With the willing collaboration of the trade unions, it has held in place all of the cuts made by the previous Fianna Fáil-Green Party government and imposed billions more of its own. Last December, the budget of Finance Minister Michael Noonan contained more than €3.8 billion in spending cuts and tax hikes, and this year’s spending plans are expected to include at least €3.5 billion in similar measures.

An Irish Times report revealed that another €1 billion in cuts to health alone will be required next year to meet troika preconditions, roughly 8 percent of the overall budget. The €260 million of cuts announced for this year have provoked public anger, as they target many life-saving services. At least 200 home care packages for the elderly and disabled will be eliminated, as will many home help staff positions. Across the health service, overtime pay has also been reduced.

Much worse is to come. Discussions are under way for the wholesale privatisation of all remaining public services, with the education, health, justice and local authority departments having been ordered to make plans to deliver services more “efficiently” with private sector involvement. The minister for public expenditure and reform, Labour’s Brendan Howlin, led the demands for more private involvement, stating that the Croke Park Agreement between the government, employers and trade unions was being used as a “shield for inactivity” and that the pace of reform should be quickened.

This campaign is being led by attacks on public service workers, who are being presented in the media as privileged and overpaid. Calls have intensified for the Croke Park Agreement to be ditched to enable more pay cuts.

Colm McCarthy, a leading government adviser who has authored many of the budget-cutting proposals in recent years, wrote recently in the Irish Independent that the government had tied its hands by promising at the last elections not to cut public service pay and welfare payments, and not to increase income tax. “In the national interest, all three of these commitments should now be abandoned,” he argued.

There is growing support within the government for this agenda, with Fine Gael chairman Charlie Flanagan declaring on Monday that he supported the renegotiation of Croke Park. Labour ministers Pat Rabitte and Ruairi Quinn have also indicated their willingness to change the terms of the agreement, but Taoiseach (Prime Minister) Enda Kenny has for the time being ruled it out.
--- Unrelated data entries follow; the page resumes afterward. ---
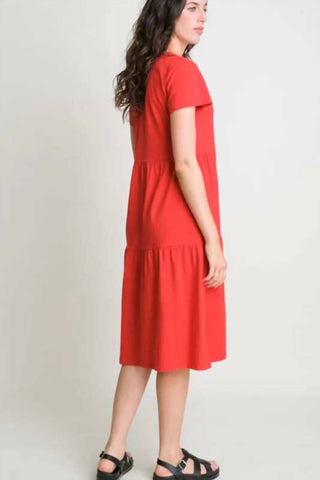 Bibico - Vestido Maya em Jersey Orgânico
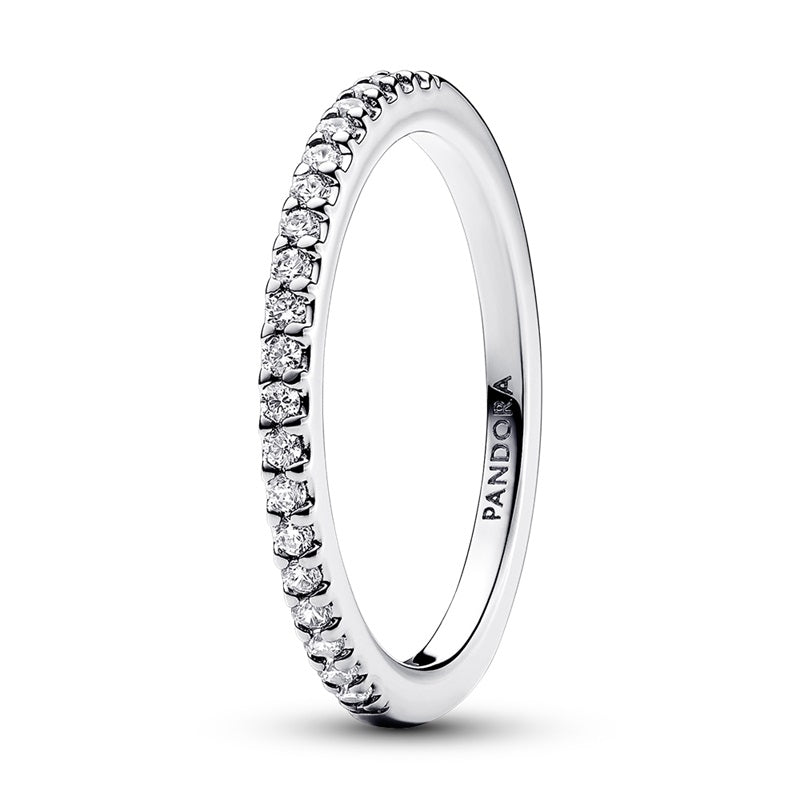 Pandora 192999C01 Pavé Thin Band Ring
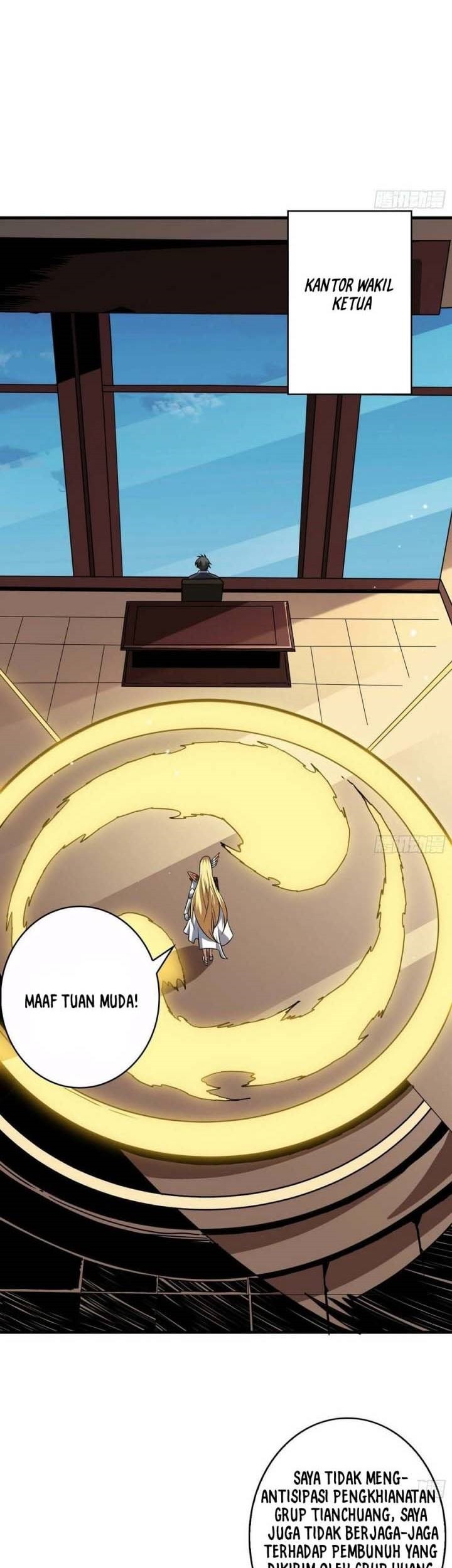 King Account At The Start Chapter 89 - halaman 17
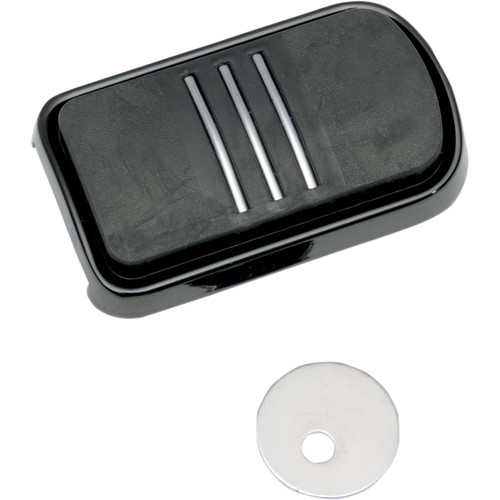 Drag Specialties - Sweeper Brake Pedal - Black - FL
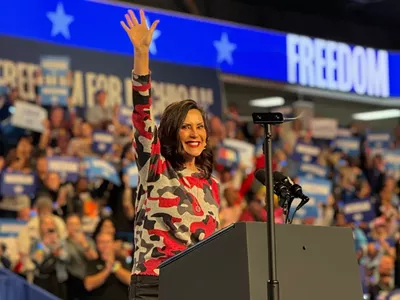 Gov. Gretchen Whitmer.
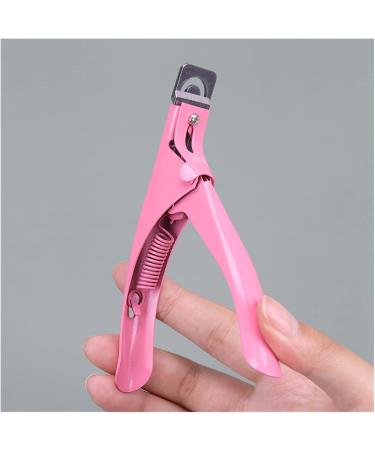 SJLS 1PC Luxury Stainless Steel Head Nail Clipper Acrylic Gel French False Nail Tips Cutter Clipper Girl Nail Care Tools (Color : Pink) - Buy Online on GoSupps.com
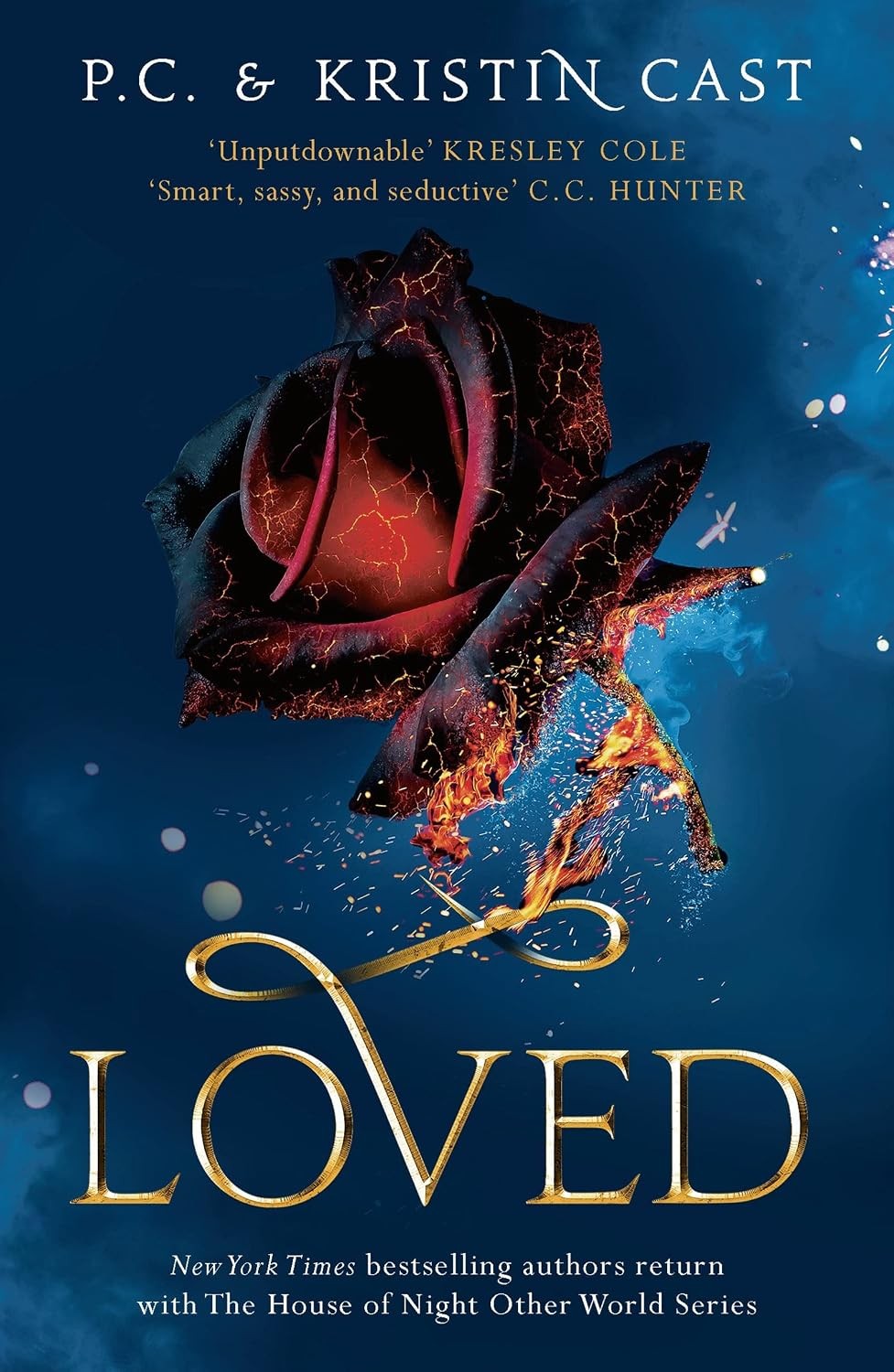 Loved PC Cast Kristin House of Night Other Worlds Book 1 Paperback - Image 4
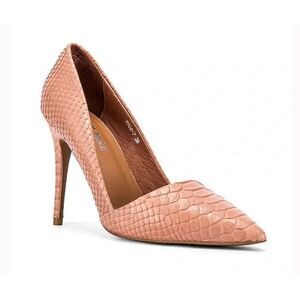 Alias Mae Blush Textured Heels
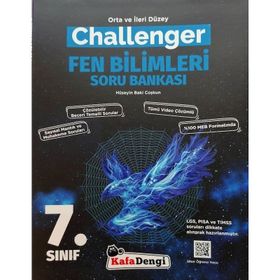 Kafa Dengi 7. Sınıf Challenger Fen Bilimleri Soru Bankası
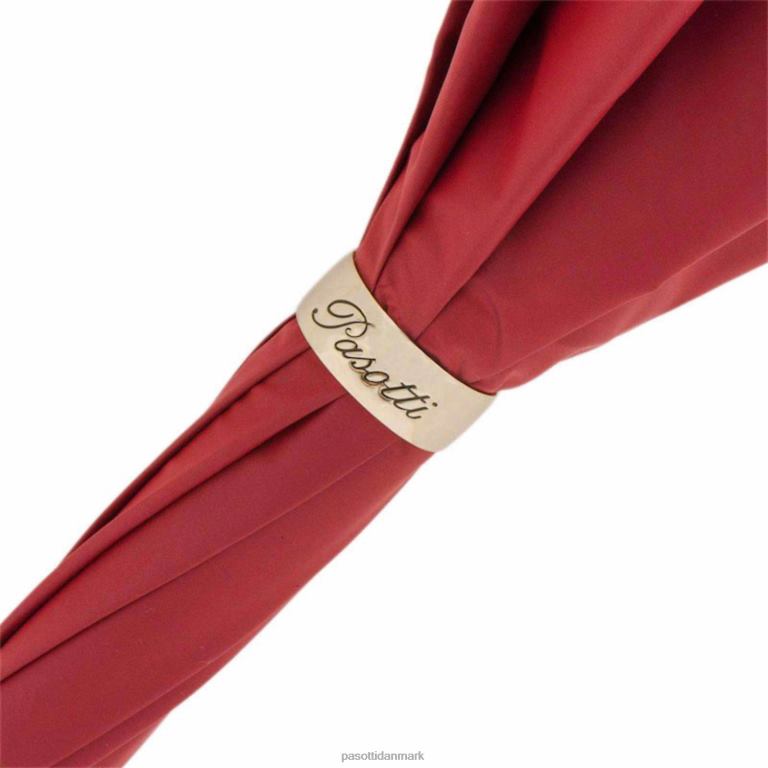Kvinder PASOTTI 189 9l980-2 c26 - vintage bordeaux paraply 824L2488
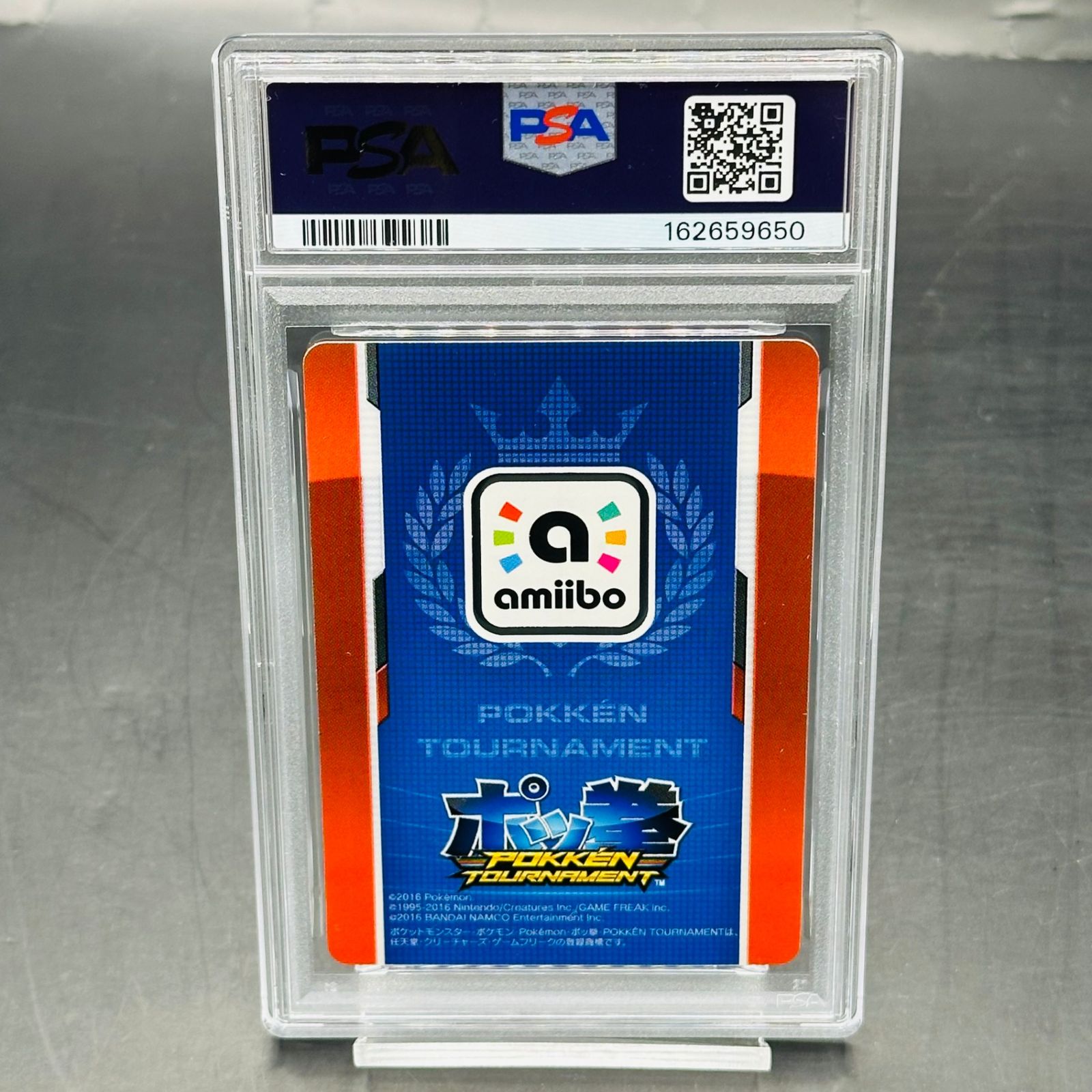 amiiboカード ダークミュウツー DARK MEWTWO ポッ拳 PSA9 - メルカリ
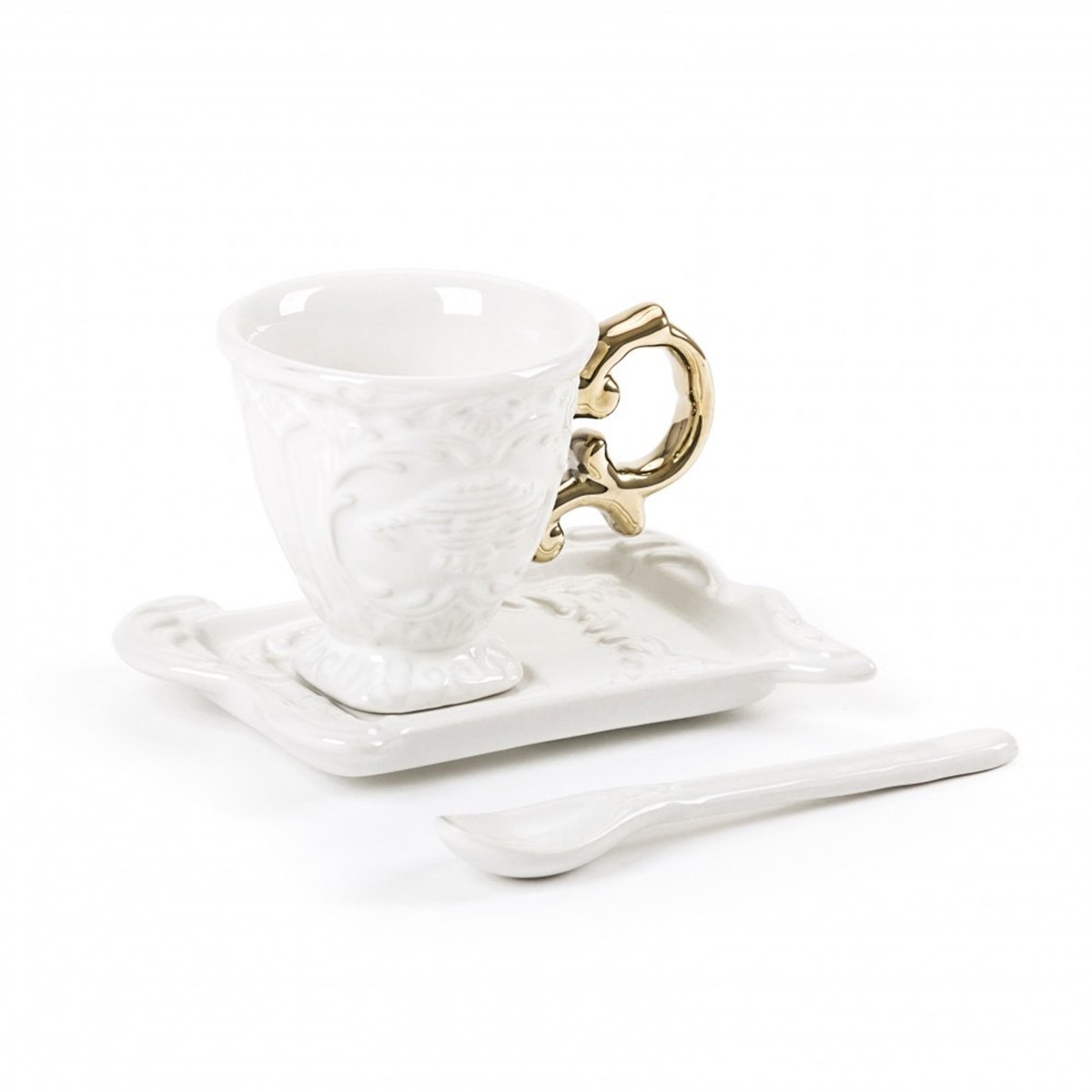 Seletti - i-Wares Gold Sapli Kahve Fincanı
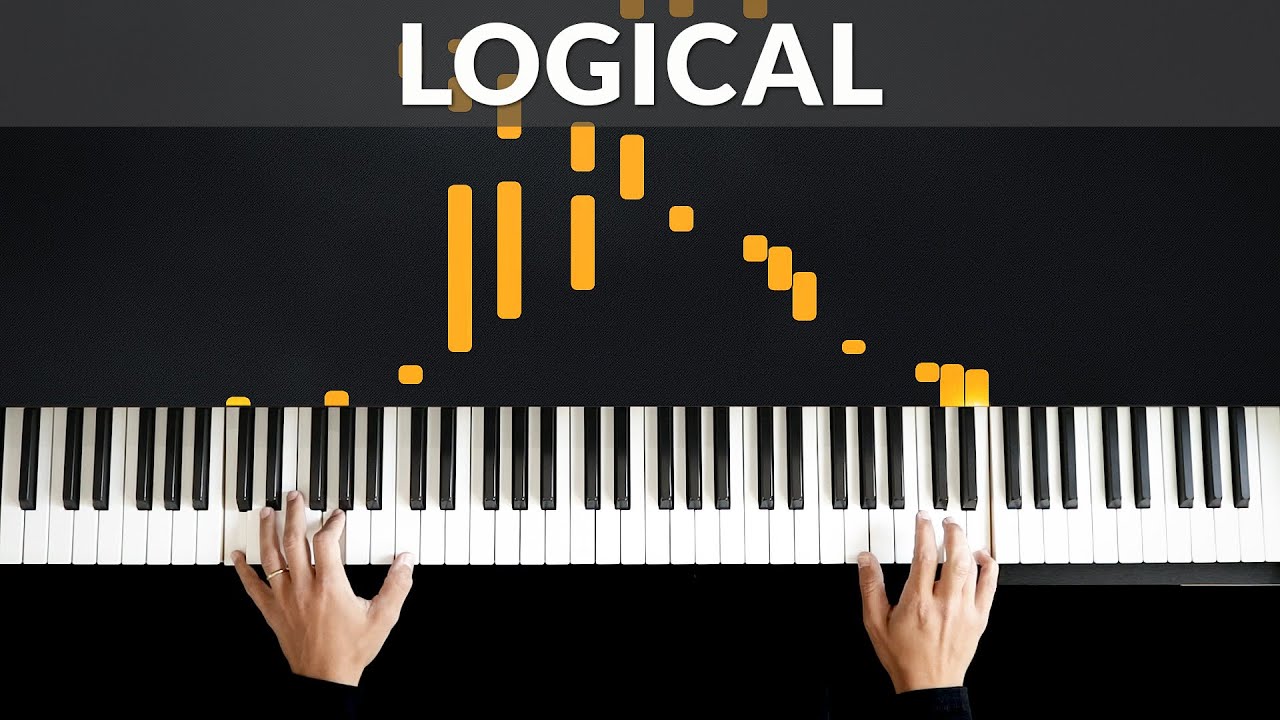 logical - Olivia Rodrigo | Tutorial of my Piano Cover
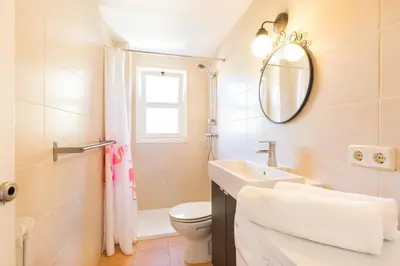 Un baño de Villa Care 2 - Llafranc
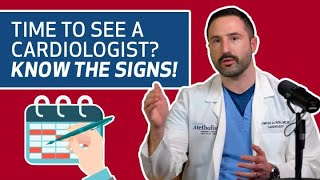 When to See a Cardiologist | Houston Methodist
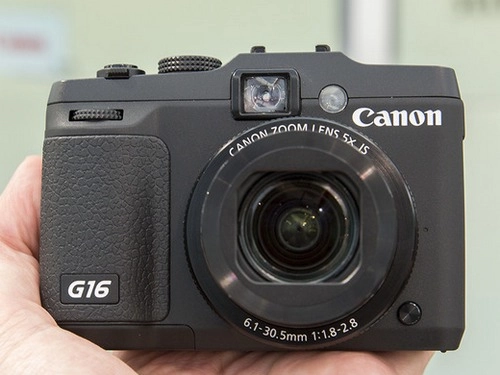 Ảnh thực tế canon powershot g16 tích hợp wi-fi - 1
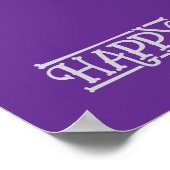 Halloween Schattige Grappige grillige drie geesten Poster (Hoek)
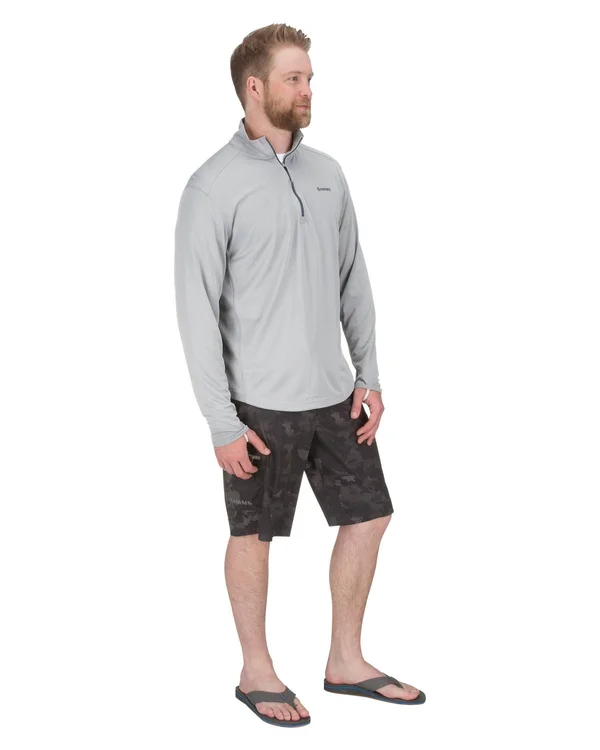 Simms Solarflex Plus Half-Zip Dark Moon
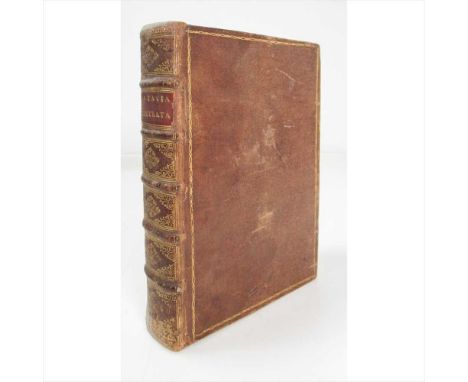 Burrish, Onslow Batavia Illustrata London: William Innys, 1728. First edition, 8vo, contemporary calf gilt, neat early owners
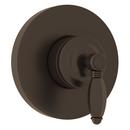 ROHL&reg; Tuscan Brass 3/4 Volume Control WALL Valve Trim TUBR 
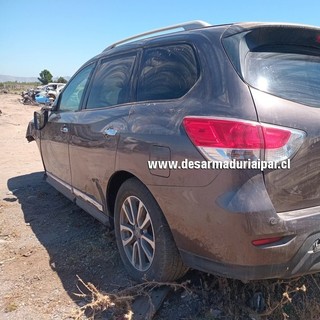 Repuestos y Desarmaduria NISSAN PATHFINDER 3.5 VQ35 DOHC 24 VALV 4X2 2014 2015 2016 2017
The claim that any section of the working class in Ireland is enjoying a comfortable lifestyle with overpaid jobs is grotesque. In the public sector, as Howlin recently boasted, 28,000 jobs have been eliminated over the past several years, with the government targeting a further cut of 10,000 by the end of its time in office. Public sector departments have operated a hiring freeze since 2010, and in those areas where new staff have been employed such as teachers, they have received massive pay cuts.

Unemployment remains at close to 15 percent, one of the highest rates in the euro zone. The jobless rate has been used as a battering ram to drive down wages, as shown by a recent study by the Conference Board noting that Ireland was the EU member that had managed to cut labour costs most since the onset of the crisis.

Overall unit labour costs have fallen by 6.3 percent, but some areas have suffered a much steeper decline, such as manufacturing, which has seen costs slashed by a staggering 42 percent.

This social counter-revolution has been fully supported by the trade unions. Notwithstanding the widespread criticism of Croke Park within ruling circles, the agreement has directly led to at least €1.5 billion in savings in the public sector. The four-year strike ban it enforces has been loyally policed by the trade unions, which have smothered every attempt by workers to defend their jobs and working conditions.

In the face of the latest calls for privatisation and pay cuts, all the unions could muster were meek pleas that no “compulsory redundancies” be imposed, and that “consultations” should be held on any proposals for cuts.